The concept of liability predicated upon an alleged breach of warranty is well understood, and requires little in the way of background. Here, it is uncontroverted that Heil normally provided a six-month warranty on the “hopper” mechanism, but that the specifications promulgated by the City required that Heil's warranty on all parts manufactured by it be extended to one-year, plus an additional two years specifically on the hydraulic system that included the “hopper” mechanism. As is relevant, the vehicle in question was put into service on August 28, 2001 (Affidavit of Larry G. Stone dated December 1, 2009). Under the UCC, a cause of action for any claim based on an alleged breach of warranty, expressed or implied, is subject to a four-year statute of limitation measured from the tender of delivery

( seeUCC § 2–725 [1][2], Heller v. U.S. Suzuki Motor Corp., 64 N.Y.2d 407, 411, 488 N.Y.S.2d 132, 477 N.E.2d 434;Donuk v. Sears, Roebuck & Co., 52 A.D.3d 456, 859 N.Y.S.2d 701,lv denied12 N.Y.3d 706, 879 N.Y.S.2d 52, 906 N.E.2d 1086). Accordingly, any cause of action for breach of warranty, express or implied that plaintiff's may have had is now time-barred. In contrast, by operation of law any action sounding in negligence and/or strict products liability accrues on the date of injury and remains viable at this time.
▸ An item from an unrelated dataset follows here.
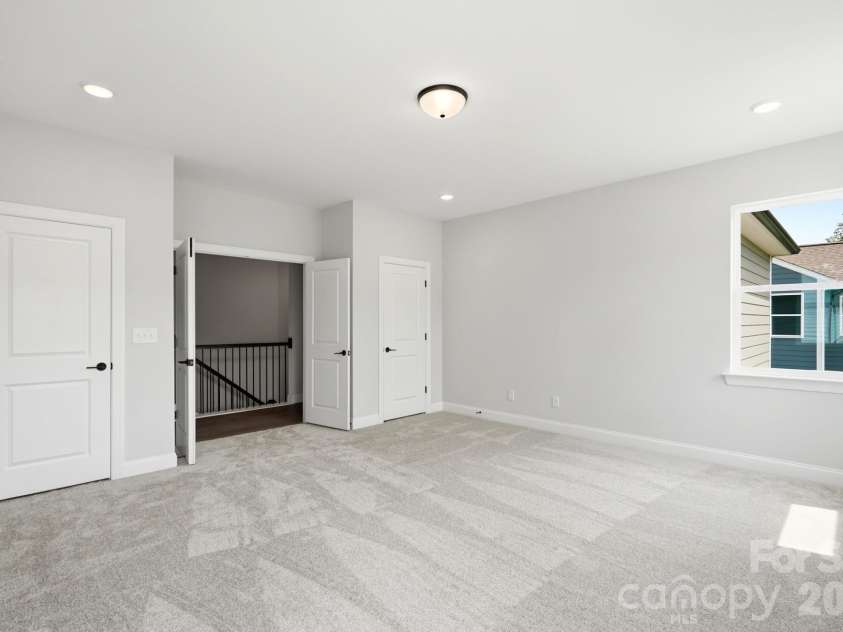 5058 McLaughlin Loop, Waxhaw, NC 28173.  MLS# CAR4351351, YatesRealty ID 11946. Bonus Room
.UCC § 2–318 extends a sellers express and implied warranties beyond the vendee “to any natural person if it is reasonable to expect that such person may use ... or be affected by the goods and is injured in person by breach of the warranty.”

Breach of Contract

As opposed to a cause of action for breach of warranty under UCC § 2–318 ( see footnote 2), a cause of action for breach of contract is generally viable only as between the vendor and the vendee. Nevertheless, plaintiffs at bar have asserted in their twenty-second cause of action that plaintiff James Messner was a third-party beneficiary of the contract between the City and Mack/Heil. Accordingly, plaintiff has asserted breach of contract claims against each. However, the Court must note that there is nothing in the papers before it demonstrating that plaintiff was an end-user, or an intended thirdparty beneficiary of the underlying contracts nor do any of the relevant documents identify him as such. Moreover, none of the judicially recognized predicates for third-party liability apply ( see Espinal v. Melville Snow Contrs., Inc., 98 N.Y.2d 136, 746 N.Y.S.2d 120, 773 N.E.2d 485;O'Gorman v. Gold Shield Security & Investigation, Inc., 221 A.D.2d 325, 326, 633 N.Y.S.2d 517). Hence, plaintiff's cause of action for breach of contract must be dismissed.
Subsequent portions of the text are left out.